* _Required action_
Give the data again exactly, without images.

* _Dataset_
↓

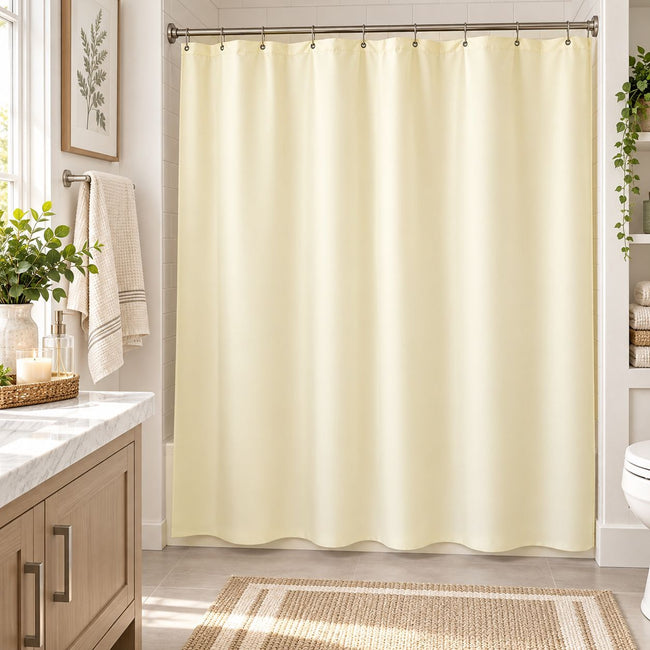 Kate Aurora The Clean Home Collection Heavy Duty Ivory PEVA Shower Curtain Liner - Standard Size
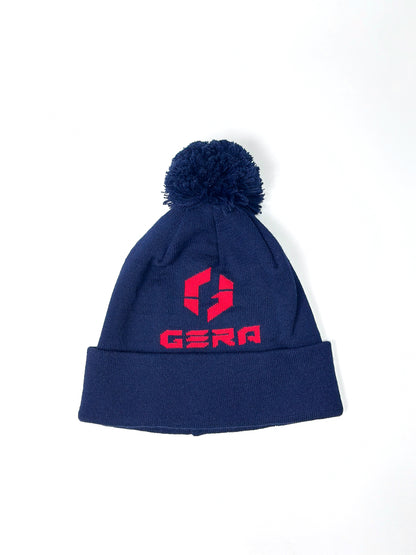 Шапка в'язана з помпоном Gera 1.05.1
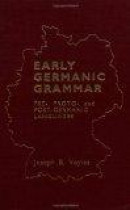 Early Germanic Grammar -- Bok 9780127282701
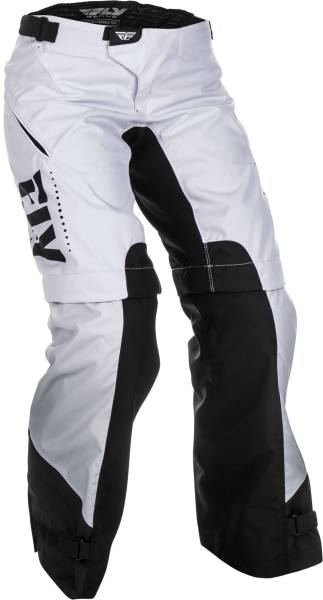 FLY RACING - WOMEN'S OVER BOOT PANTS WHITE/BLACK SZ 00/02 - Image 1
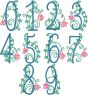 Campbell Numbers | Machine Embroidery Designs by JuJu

↑

* _Output for this exercise_
 Kate Aurora The Clean Home Collection Heavy Duty Ivory PEVA Shower Curtain Liner - Standard Size
 Шапка в'язана з помпоном Gera 1.05.1
 Early Germanic Grammar -- Bok 9780127282701
 FLY RACING - WOMEN'S OVER BOOT PANTS WHITE/BLACK SZ 00/02 - Image 1
 Campbell Numbers | Machine Embroidery Designs by JuJu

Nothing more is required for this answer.